Frequently Asked Questions on Bonus Depreciation
3 ½-month rule for accrual method taxpayers
When looking to the rules under section 461 for an accrual method taxpayer, the interplay of the 3 ½ month rule with the bonus depreciation provisions becomes important. Specifically, under Treas. Reg. section 1.461-4(d)(6), a taxpayer “may” treat property as provided to it if the delivery of the property is expected to be made within 3 ½ months of payment (i.e., rather than having to wait to treat the cost as having been incurred when the property is actually delivered, which is the general rule). The use of the 3 ½ month rule generally constitutes a method of accounting, and a change to use it generally constitutes an advance consent method change request.4 In addressing whether the use of the 3 ½ month rule may be established on an asset-by-asset basis for purposes of bonus depreciation, Carlton verified that Treasury did not intend to change the operation of the 3 ½ month rule, i.e., an accrual method taxpayer should apply its established method of accounting under section 461 for determining when an amount is paid or incurred. Thus, if a taxpayer has an established method of using the 3 ½ month rule when it prepays for the cost of property to be provided to it, it should continue the use of such method. Treasury did not intend to change the operation of the 3 ½ month rule or create a new 3 ½ month rule for purposes of bonus depreciation.

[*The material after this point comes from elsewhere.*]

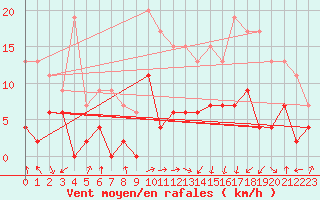 Courbe de la force du vent pour Vichy (03)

By leveraging off of the current section 168(k) and 461 regulations, Treasury intended for those rules to operate as they currently exist. There is no special asset-by-asset 3 ½ month rule election or method that taxpayers can use. Carlton also noted that he is not aware of any consideration being given to issuing automatic consent provisions allowing taxpayers to automatically change to use the 3 ½ month rule for self-constructed assets. In responding to the question of whether a taxpayer who presently uses the 3 ½ month rule for services would be bound by that method for purposes of applying the paid or incurred rule for property provided to the taxpayer, he noted that taxpayers should properly apply the current policy of the IRS National Office.

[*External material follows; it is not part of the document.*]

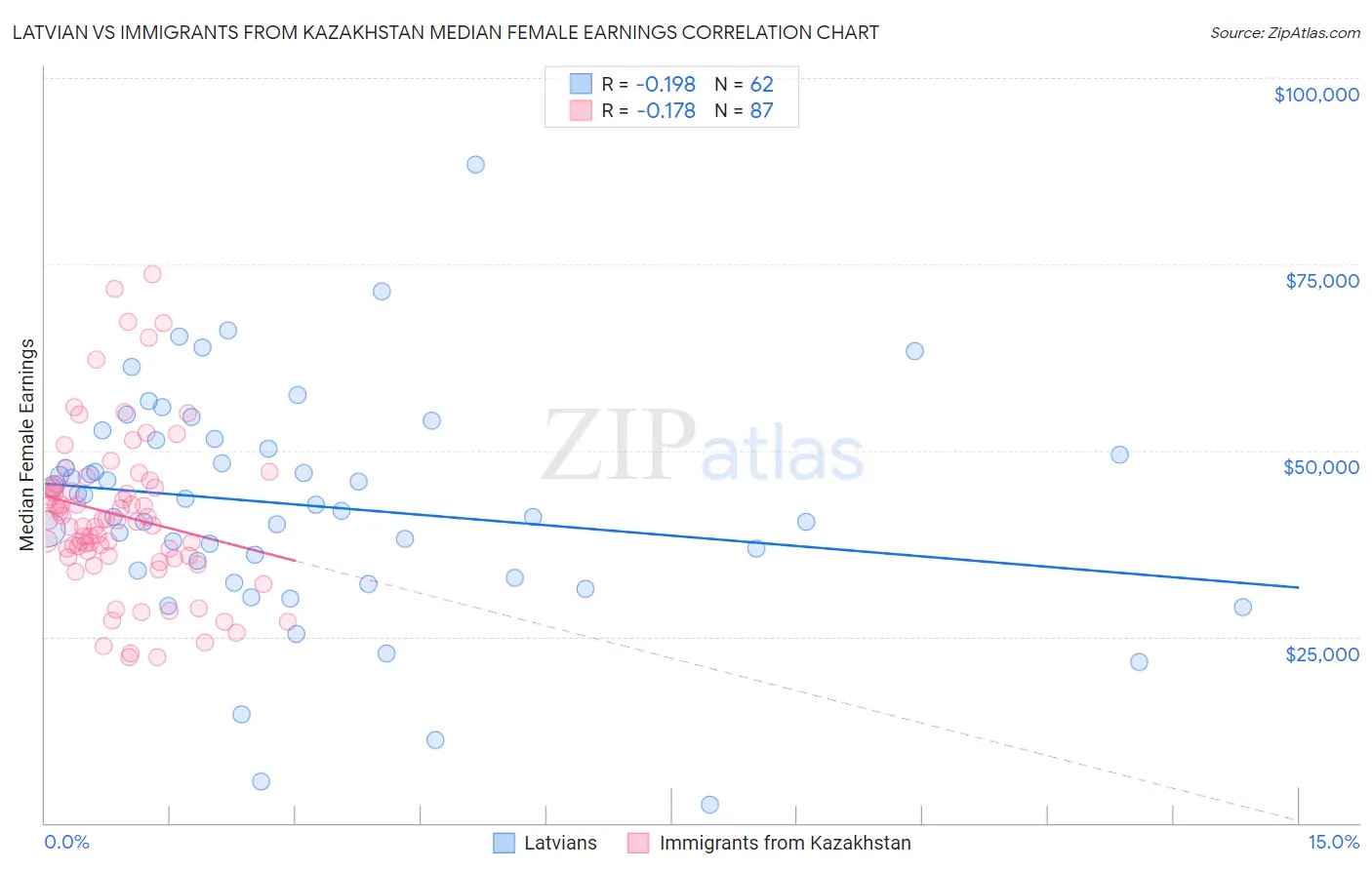 Latvian vs Immigrants from Kazakhstan Median Female Earnings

Acquisition date of self-constructed assets
With respect to self-constructed assets, many accrual method taxpayers use the 10 percent safe harbor for determining when construction begins.5 This raises the issue of eligibility for 100 percent bonus depreciation when progress payments are made to contractors. When asked when self-constructed assets would be deemed to be “acquired” if progress payments are being made to a contractor constructing property for an accrual method taxpayer more than 3 ½ months prior to the taxpayer’s receipt of the property, Carlton noted that the rules of section 461 would apply. Thus, for a taxpayer who has established the use of the 3 ½ month rule, if the property related to the progress payment is not delivered within 3 ½ months of payment, then it would not be acquired for purposes of bonus depreciation (assuming no benefits and burdens of ownership during construction). This can be favorable on the front-end (i.e., progress payments made pre-Sept. 9, 2010) but unfavorable on the back-end (i.e., progress payments made during 2011 and property delivered during 2012). Carlton noted that Treasury tried to spell out the procedures as clearly as possible and to provide bright-lines for taxpayers to know when they have acquired property for purposes of 100 percent bonus depreciation.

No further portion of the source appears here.